- The data
——————
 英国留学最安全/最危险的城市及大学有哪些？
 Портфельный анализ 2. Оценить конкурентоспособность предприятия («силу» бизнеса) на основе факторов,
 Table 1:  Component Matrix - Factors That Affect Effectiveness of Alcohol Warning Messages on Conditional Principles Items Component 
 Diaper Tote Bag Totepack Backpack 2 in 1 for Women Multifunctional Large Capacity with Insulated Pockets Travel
——————
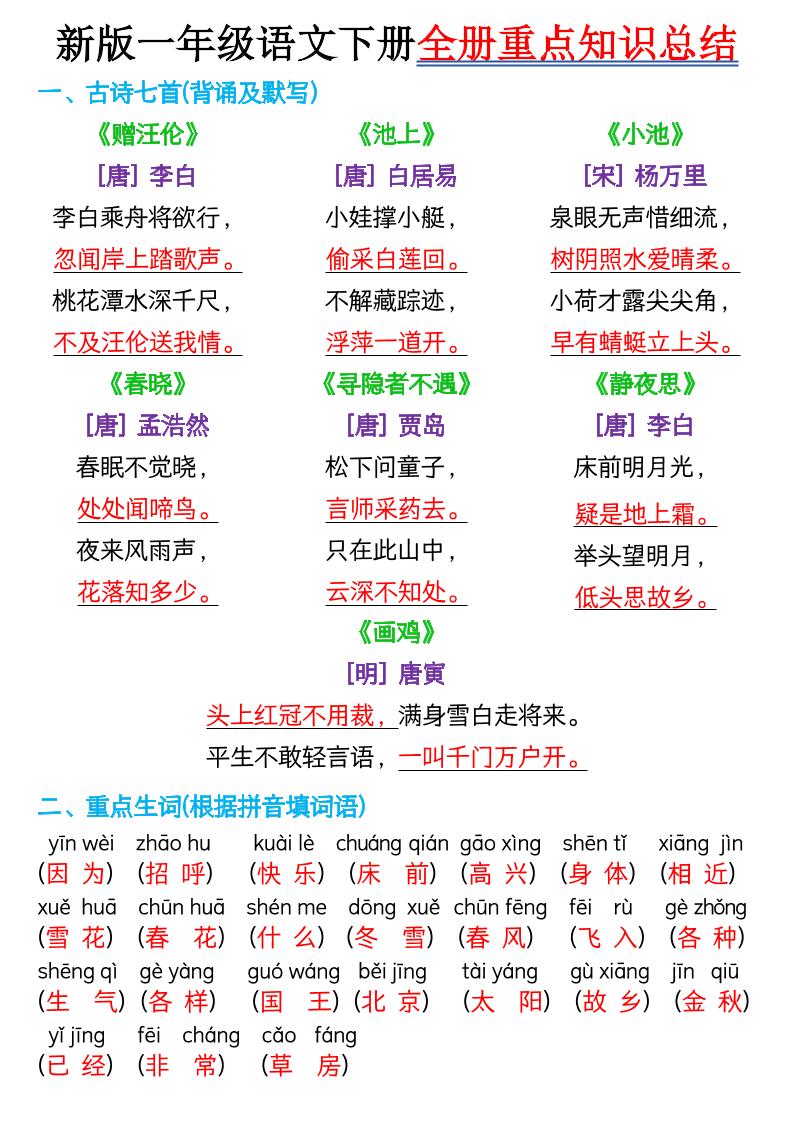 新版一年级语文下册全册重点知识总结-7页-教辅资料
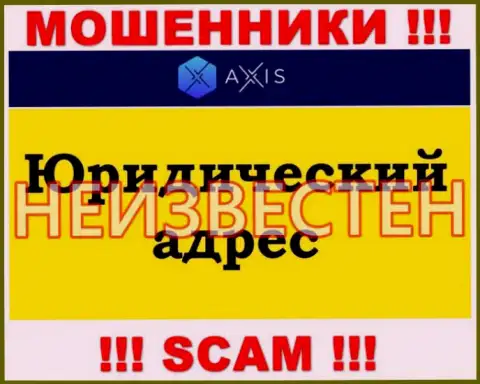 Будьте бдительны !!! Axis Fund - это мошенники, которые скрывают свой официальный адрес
——————
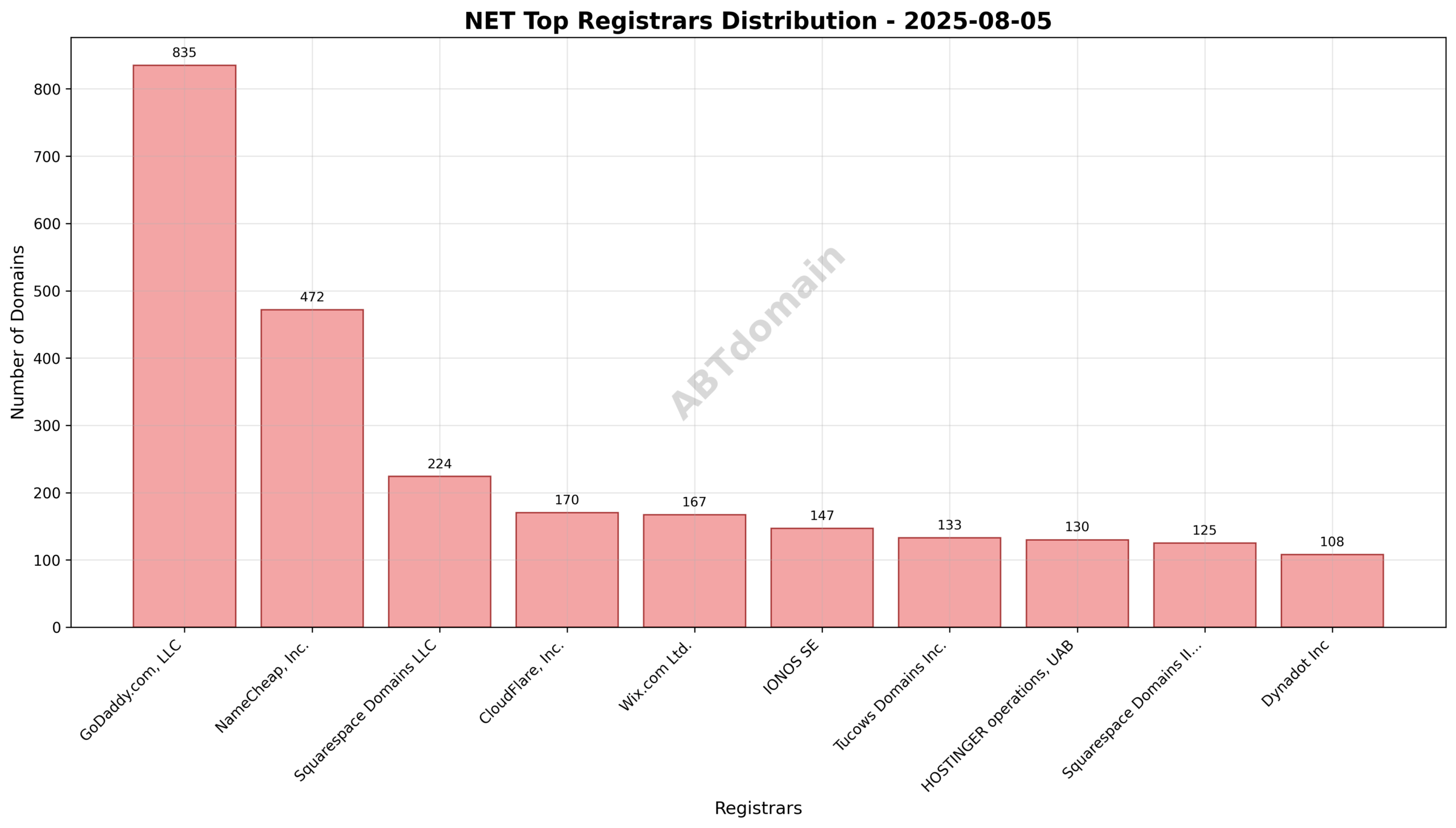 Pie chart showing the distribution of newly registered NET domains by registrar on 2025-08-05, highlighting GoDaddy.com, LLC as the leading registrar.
——————
- Task requirements
Set down, unchanged, only those lines above that fall between the line with "Principles Items Component" and the line with "Diaper Tote Bag", the two end lines included.

- Reply to the task
 Table 1:  Component Matrix - Factors That Affect Effectiveness of Alcohol Warning Messages on Conditional Principles Items Component 
 Diaper Tote Bag Totepack Backpack 2 in 1 for Women Multifunctional Large Capacity with Insulated Pockets Travel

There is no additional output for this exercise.